#  > Petroleum Industry Zone >  > Geology & Exploration >  >  >  Wet clay and dry clay

## mid

Hi All,

How to determine wet clay density and resistivity normally, also dry clay denstiy and resistivity to use them as an input in IP clay model, then how to differentiate between wet clay and dry clay for a certain well

Can someone help



ThanksSee More: Wet clay and dry clay

----------


## petrophysicist

The dry clay input parameters are determined automatically the software while you have to put the Wet clay parameters by using crossplots.

----------


## anjumbukhari

how to use those crossplots dear

----------


## Euskadi59

Guys, dry clay inputs is one of the most importat values when you use Dual waters equations( or similars), wet clays are easy (or not on DEN-CN xplots)  but you must have an idea about dry clays ( default values of 2.78 on IP  are focused on gulf sediments and still they are generally very high., for this values most of clays should be chlorite or other weight clays). Try to determine those values on core data withouth so high temperature of treatment and with controled humity ( no more than 85 Centigrades), it take more time and is more expensive, but if you expose your core data to more than that, it is posible you 'never know if it is total phi, effective or a mix value, the you for sure have been lost you money on this try. Another tiem expensing method is try to compare DW and Juhazs SW, the last use insted a RWbound value a comparison between dry and wet clay, if you have any data of RWbound ( not ever related to 1/phishale**2 relatioships) you should obtain  on both formulae similar values. Regards  and let me know yous experiences
MM (Euskadi 59)... Also constrains your values with less acuratte formulaes as Simandoux

----------


## Euskadi59

Guys I take adventage of your IP provider, but take care, not always default values are right, I saw people use DW with the default values of .1 at 60 F, it is for sure wrong, RWbound should be on 15 to 20% of RW, anyway take care exceptions are wide spread.
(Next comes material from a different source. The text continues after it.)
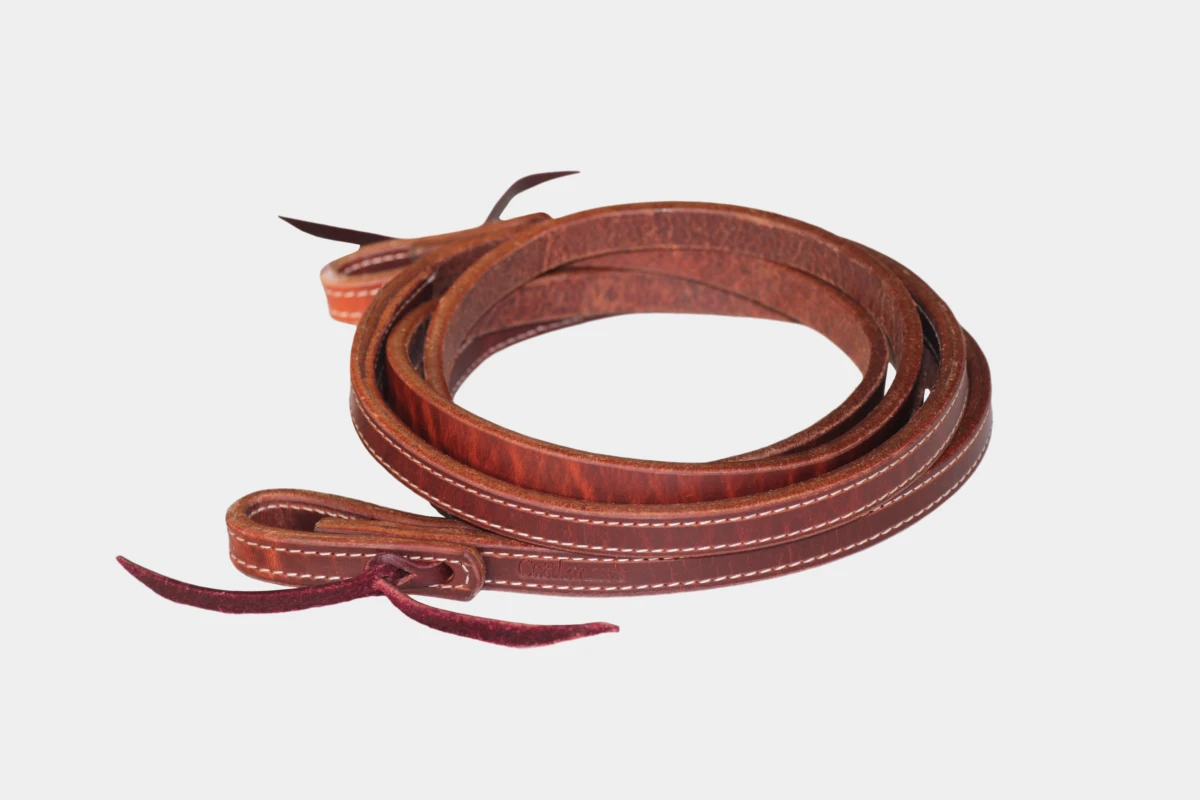Cattlemans, GVR - Zuegel breit Harnessleder geschlossen, reins, wide, harness leather, dunkel, dark Cattlemans, GVR - Zuegel breit Harnessleder geschlossen, reins, wide, harness leather, dunkel, dark
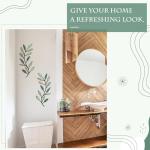 Green Metal Leaf Wall Art - 2 Pieces Set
Enjoit and let me know when last ip (4.6) where available
Regards and never use default values, take a time to see what it does meanth
MM(Euskadi59)

----------


## pggeology

Dear Folks,
I get trouble with input parameters,please tell me how I can use crossplot in order to determine  Density, neutron, Rt and Rxo of wetclay

----------


## edisonnadeak

> Dear Folks,
> I get trouble with input parameters,please tell me how I can use cross-plot in order to determine  Density, neutron, Rt and Rxo of wet clay



Good morning all,

Please introduce me, my name edison, i am a junior well log analyst.

Maybe I can give suggestion for the question above.

In my experience, the wet clay point could be  determine in your zone ( if you found a thick shale interval) using x-plot RHOB-NPHI-GR.

Find (helped by histogram of GR to determine your most shale point) the RHOBCL and PHINCL point  as wet clay point.

Dry clay point should be determine by laboratory worked.

For resistivity we could read at the same depth at our shale/clay point.

For case you not have a thick shaley interval, then you could use from another near well, or interval that analog with your interval/zone from depositional environment as an approach.

That is  a simple tips from me, maybe it isn't totally right.


regards, 

Edn

----------


## pggeology

Thank you Edison so much. I do the same as your method but probably I define wrong shale point so it cause high water saturation. Could you guide me how I can get sand point and shale point in GR histogram. I could run it and chose All Gaussian Line distribution. Then I chose min and max line. Thank you again for your help.

Best Regards,
PGGeologist

----------